### [Exercise description]
Word for word, transcribe the records that follow.

(Beginning of Exercise data)

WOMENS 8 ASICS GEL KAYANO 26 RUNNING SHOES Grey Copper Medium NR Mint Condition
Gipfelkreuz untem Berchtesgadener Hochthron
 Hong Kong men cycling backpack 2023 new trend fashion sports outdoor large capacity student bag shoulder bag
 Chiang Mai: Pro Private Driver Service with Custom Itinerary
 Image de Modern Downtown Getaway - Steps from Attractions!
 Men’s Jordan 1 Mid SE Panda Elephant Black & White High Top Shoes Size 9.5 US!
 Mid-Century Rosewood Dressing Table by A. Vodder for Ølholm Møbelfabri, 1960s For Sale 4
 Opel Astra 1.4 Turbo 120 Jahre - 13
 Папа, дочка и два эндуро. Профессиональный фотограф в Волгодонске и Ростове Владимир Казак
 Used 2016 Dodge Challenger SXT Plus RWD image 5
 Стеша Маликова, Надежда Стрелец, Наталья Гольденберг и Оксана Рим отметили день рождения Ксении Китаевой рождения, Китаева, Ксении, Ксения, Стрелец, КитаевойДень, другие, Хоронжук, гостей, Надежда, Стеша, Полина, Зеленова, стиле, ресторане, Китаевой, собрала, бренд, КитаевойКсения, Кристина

(End of Exercise data)

### [Reply]
WOMENS 8 ASICS GEL KAYANO 26 RUNNING SHOES Grey Copper Medium NR Mint Condition
Gipfelkreuz untem Berchtesgadener Hochthron
 Hong Kong men cycling backpack 2023 new trend fashion sports outdoor large capacity student bag shoulder bag
 Chiang Mai: Pro Private Driver Service with Custom Itinerary
 Image de Modern Downtown Getaway - Steps from Attractions!
 Men’s Jordan 1 Mid SE Panda Elephant Black & White High Top Shoes Size 9.5 US!
 Mid-Century Rosewood Dressing Table by A. Vodder for Ølholm Møbelfabri, 1960s For Sale 4
 Opel Astra 1.4 Turbo 120 Jahre - 13
 Папа, дочка и два эндуро. Профессиональный фотограф в Волгодонске и Ростове Владимир Казак
 Used 2016 Dodge Challenger SXT Plus RWD image 5
 Стеша Маликова, Надежда Стрелец, Наталья Гольденберг и Оксана Рим отметили день рождения Ксении Китаевой рождения, Китаева, Ксении, Ксения, Стрелец, КитаевойДень, другие, Хоронжук, гостей, Надежда, Стеша, Полина, Зеленова, стиле, ресторане, Китаевой, собрала, бренд, КитаевойКсения, Кристина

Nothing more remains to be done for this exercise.